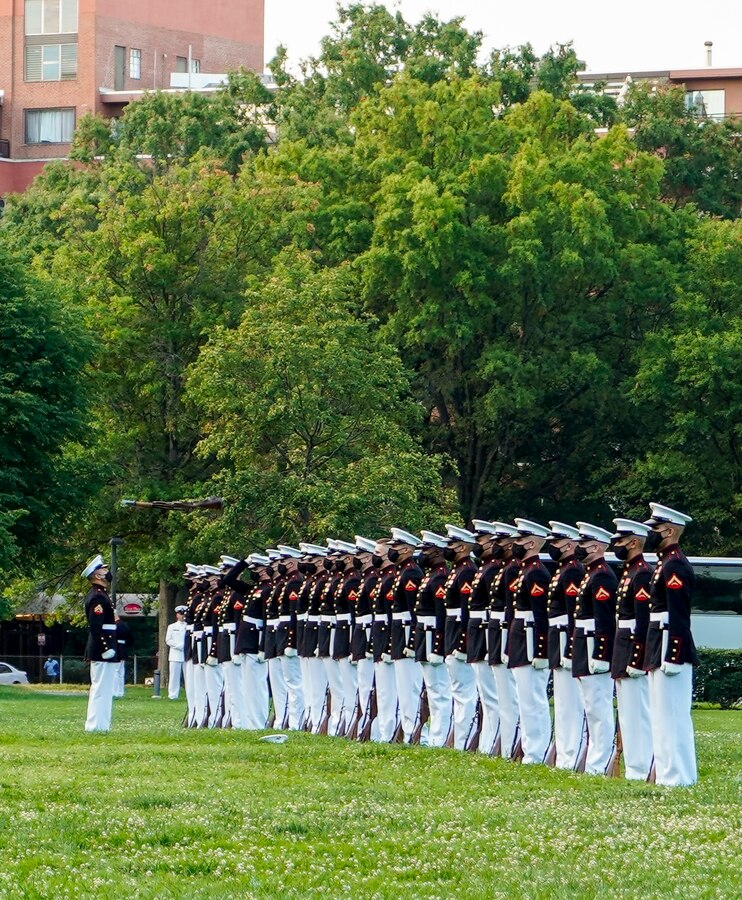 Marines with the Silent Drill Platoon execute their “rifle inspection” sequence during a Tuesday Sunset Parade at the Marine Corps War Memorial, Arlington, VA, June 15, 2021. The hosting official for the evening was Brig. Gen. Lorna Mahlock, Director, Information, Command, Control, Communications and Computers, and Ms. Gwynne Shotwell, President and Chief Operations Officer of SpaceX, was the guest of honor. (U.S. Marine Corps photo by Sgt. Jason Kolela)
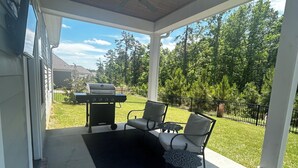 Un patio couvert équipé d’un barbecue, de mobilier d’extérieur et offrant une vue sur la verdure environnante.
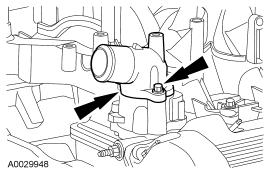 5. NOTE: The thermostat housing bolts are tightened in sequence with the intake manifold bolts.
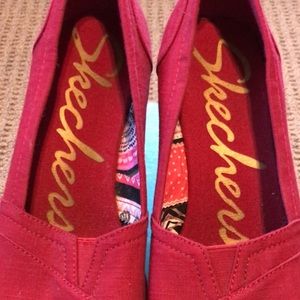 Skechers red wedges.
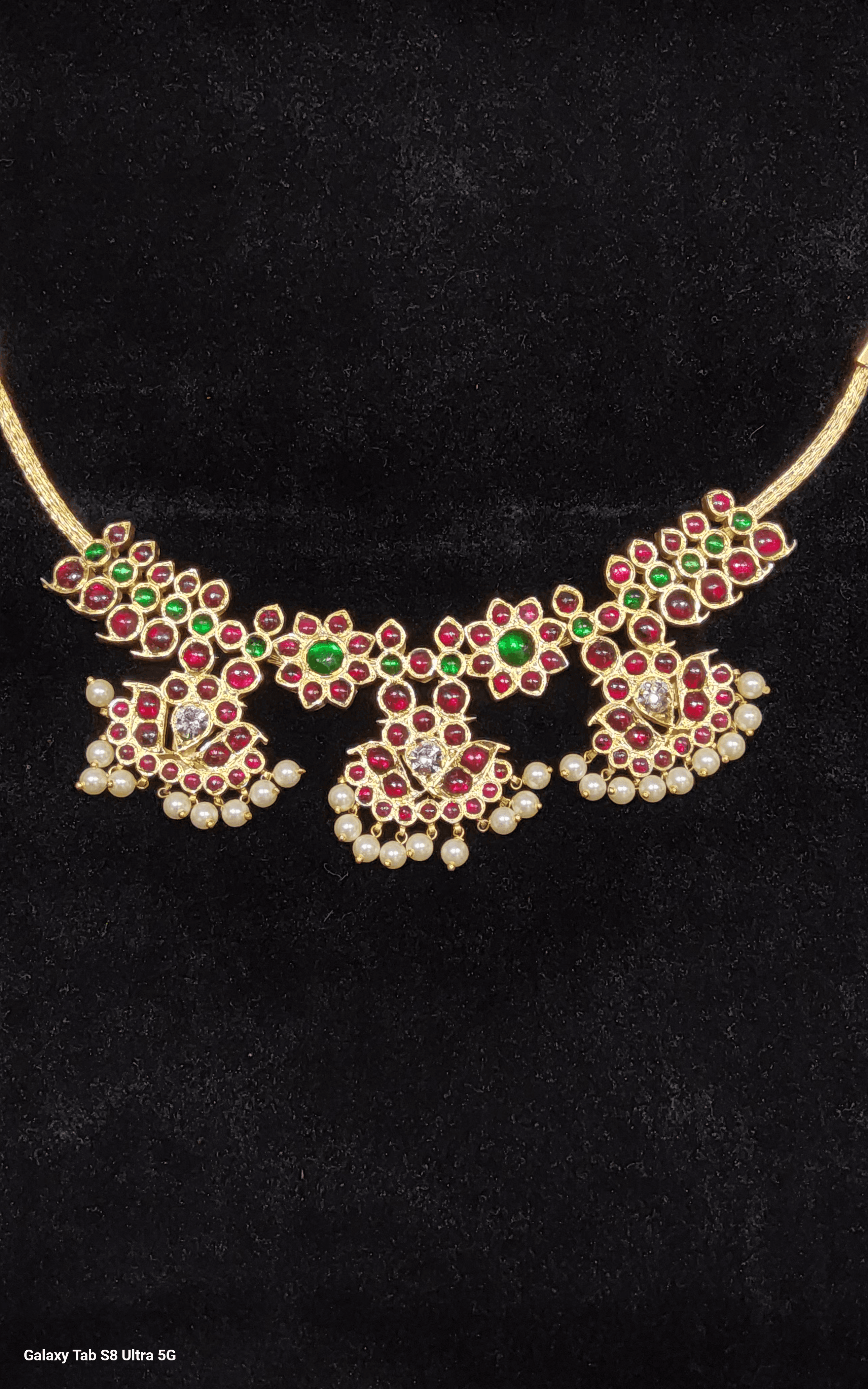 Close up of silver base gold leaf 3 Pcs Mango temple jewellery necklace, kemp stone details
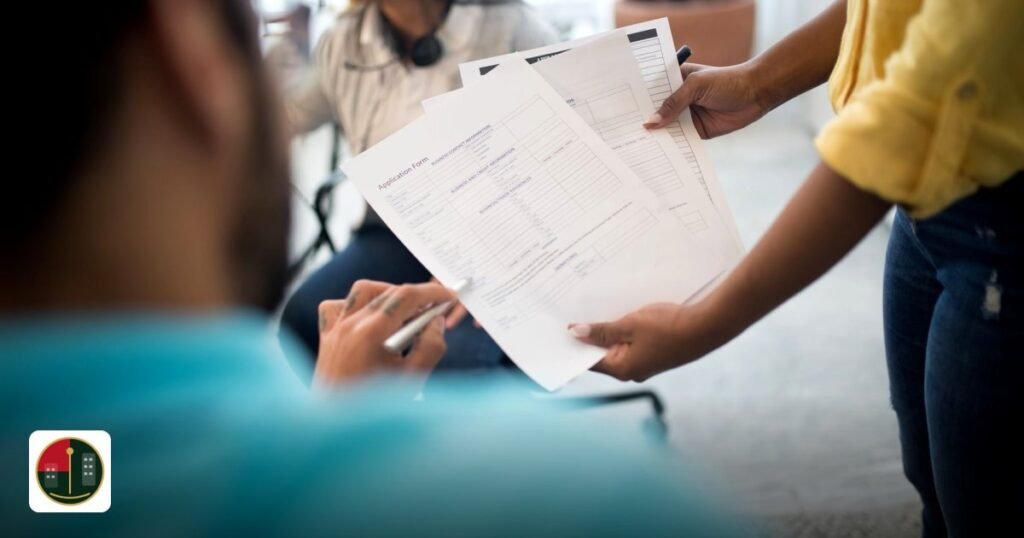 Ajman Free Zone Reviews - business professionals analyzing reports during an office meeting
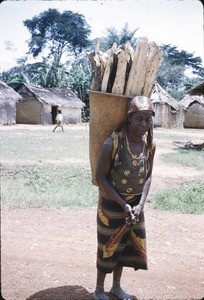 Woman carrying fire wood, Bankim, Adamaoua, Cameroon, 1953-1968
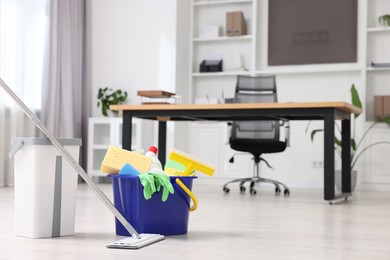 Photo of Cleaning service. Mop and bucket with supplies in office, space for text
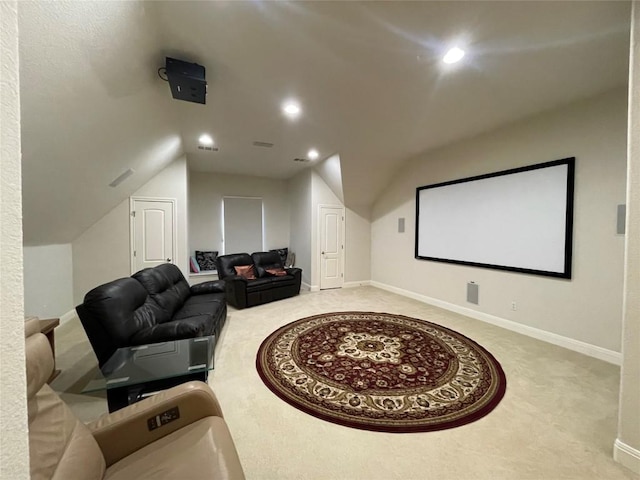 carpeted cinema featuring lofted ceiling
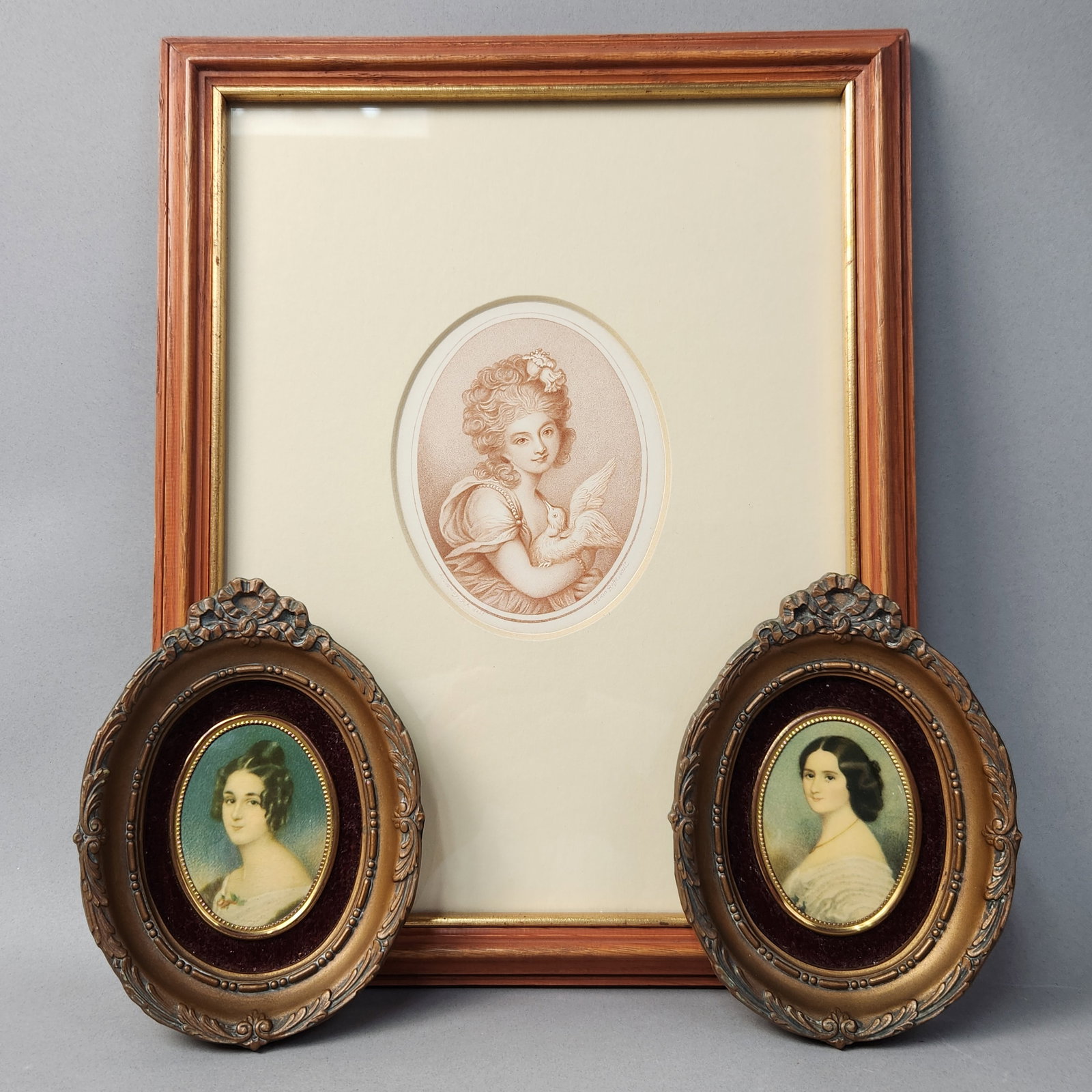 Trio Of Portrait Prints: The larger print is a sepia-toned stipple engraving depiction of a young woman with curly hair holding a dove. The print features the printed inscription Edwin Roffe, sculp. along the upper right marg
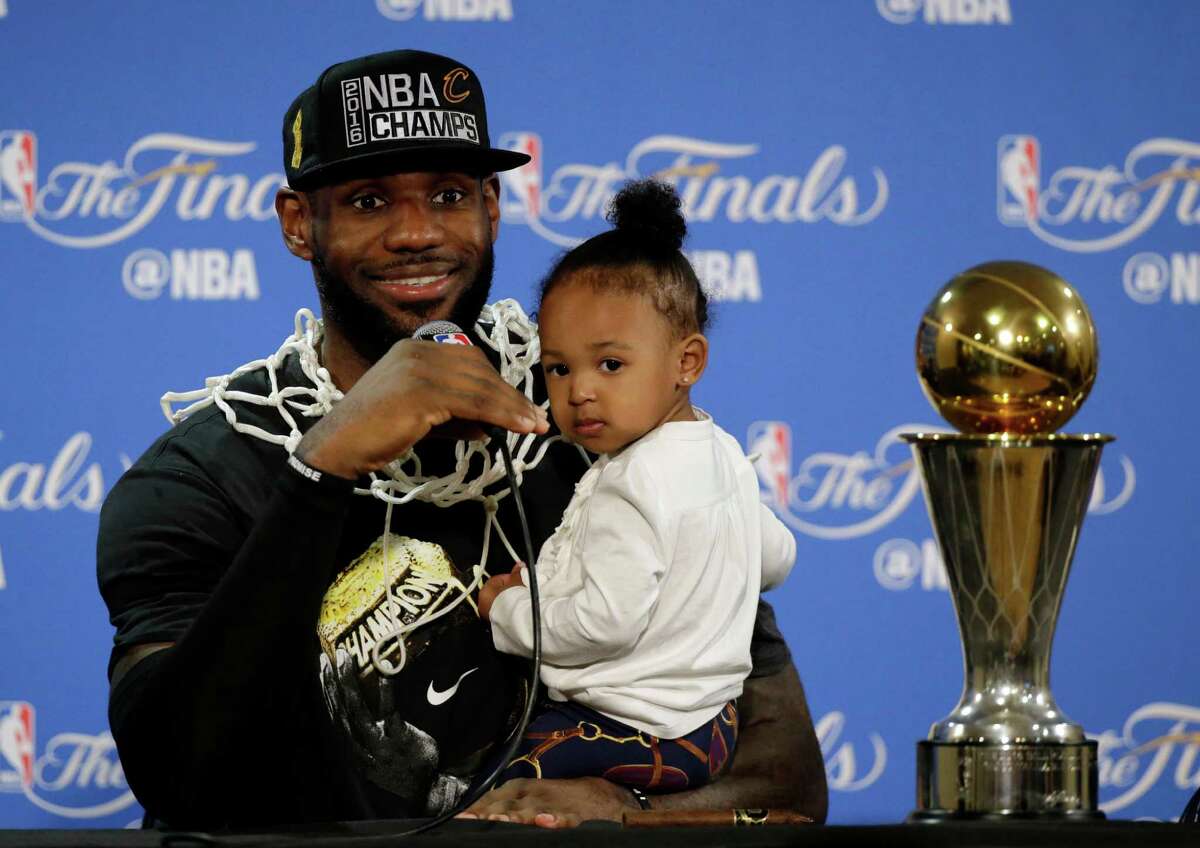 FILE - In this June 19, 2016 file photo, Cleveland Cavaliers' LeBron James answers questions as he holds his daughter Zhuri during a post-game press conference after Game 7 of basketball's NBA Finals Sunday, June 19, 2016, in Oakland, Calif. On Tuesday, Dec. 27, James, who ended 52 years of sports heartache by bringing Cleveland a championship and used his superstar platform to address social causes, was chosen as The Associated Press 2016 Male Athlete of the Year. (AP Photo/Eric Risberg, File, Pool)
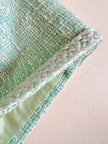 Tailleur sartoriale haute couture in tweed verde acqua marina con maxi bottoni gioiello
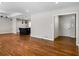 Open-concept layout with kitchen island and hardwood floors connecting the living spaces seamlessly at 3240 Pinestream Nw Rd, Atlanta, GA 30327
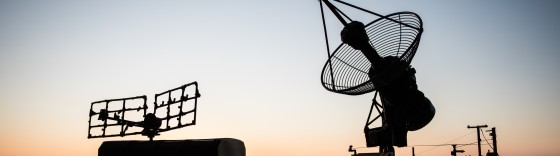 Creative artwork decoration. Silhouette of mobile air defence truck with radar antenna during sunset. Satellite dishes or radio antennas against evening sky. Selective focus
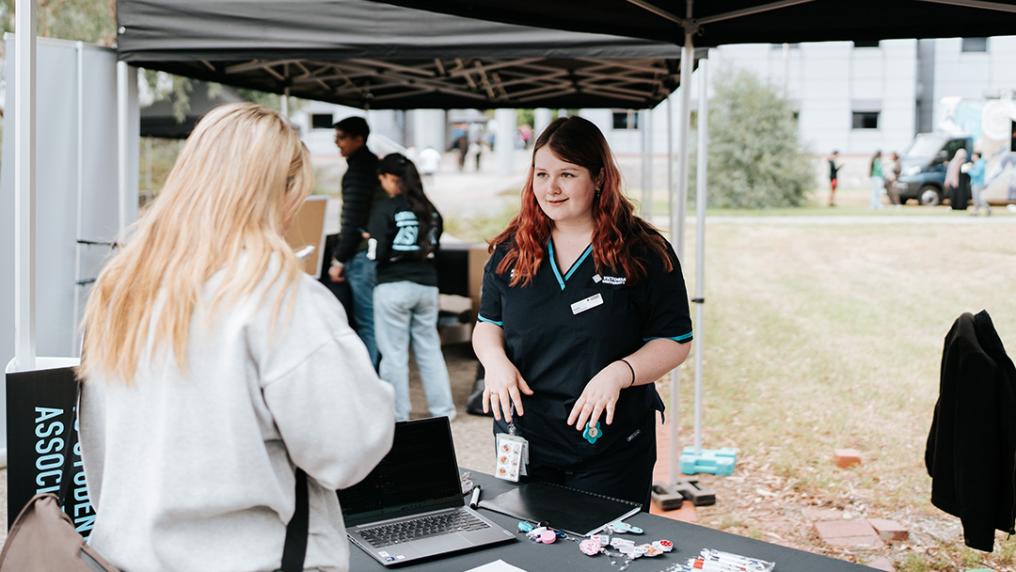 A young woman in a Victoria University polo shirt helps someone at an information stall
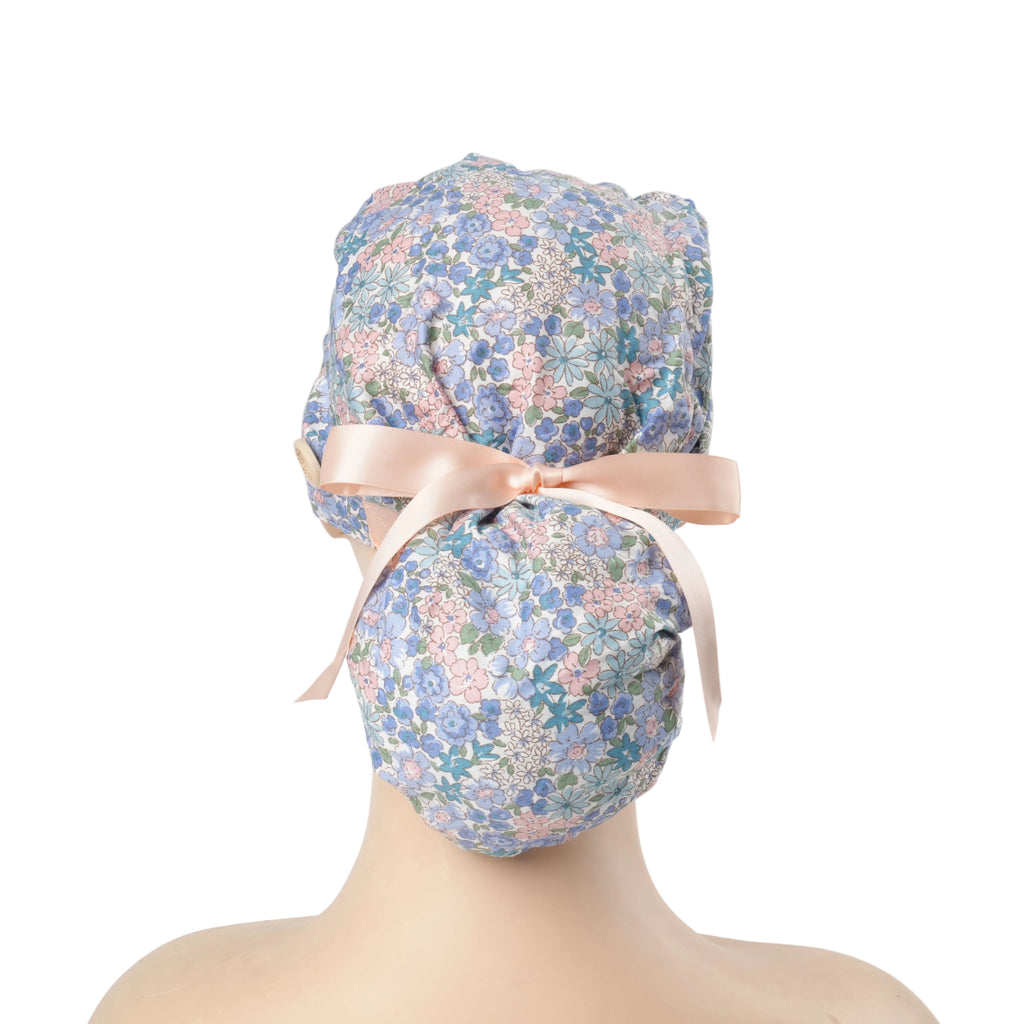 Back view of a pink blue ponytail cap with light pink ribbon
-----
**Goal of the exercise**
Your task is to transcribe all of the records precisely, with no images included.

**Exercise answer**
 Marines with the Silent Drill Platoon execute their “rifle inspection” sequence during a Tuesday Sunset Parade at the Marine Corps War Memorial, Arlington, VA, June 15, 2021. The hosting official for the evening was Brig. Gen. Lorna Mahlock, Director, Information, Command, Control, Communications and Computers, and Ms. Gwynne Shotwell, President and Chief Operations Officer of SpaceX, was the guest of honor. (U.S. Marine Corps photo by Sgt. Jason Kolela)
 Un patio couvert équipé d’un barbecue, de mobilier d’extérieur et offrant une vue sur la verdure environnante.
 5. NOTE: The thermostat housing bolts are tightened in sequence with the intake manifold bolts.
 Skechers red wedges.
 Close up of silver base gold leaf 3 Pcs Mango temple jewellery necklace, kemp stone details
 Ajman Free Zone Reviews - business professionals analyzing reports during an office meeting
 Woman carrying fire wood, Bankim, Adamaoua, Cameroon, 1953-1968
 Photo of Cleaning service. Mop and bucket with supplies in office, space for text
 carpeted cinema featuring lofted ceiling
 Trio Of Portrait Prints: The larger print is a sepia-toned stipple engraving depiction of a young woman with curly hair holding a dove. The print features the printed inscription Edwin Roffe, sculp. along the upper right marg
 FILE - In this June 19, 2016 file photo, Cleveland Cavaliers' LeBron James answers questions as he holds his daughter Zhuri during a post-game press conference after Game 7 of basketball's NBA Finals Sunday, June 19, 2016, in Oakland, Calif. On Tuesday, Dec. 27, James, who ended 52 years of sports heartache by bringing Cleveland a championship and used his superstar platform to address social causes, was chosen as The Associated Press 2016 Male Athlete of the Year. (AP Photo/Eric Risberg, File, Pool)
 Tailleur sartoriale haute couture in tweed verde acqua marina con maxi bottoni gioiello
 Open-concept layout with kitchen island and hardwood floors connecting the living spaces seamlessly at 3240 Pinestream Nw Rd, Atlanta, GA 30327
 Creative artwork decoration. Silhouette of mobile air defence truck with radar antenna during sunset. Satellite dishes or radio antennas against evening sky. Selective focus
 A young woman in a Victoria University polo shirt helps someone at an information stall
 Back view of a pink blue ponytail cap with light pink ribbon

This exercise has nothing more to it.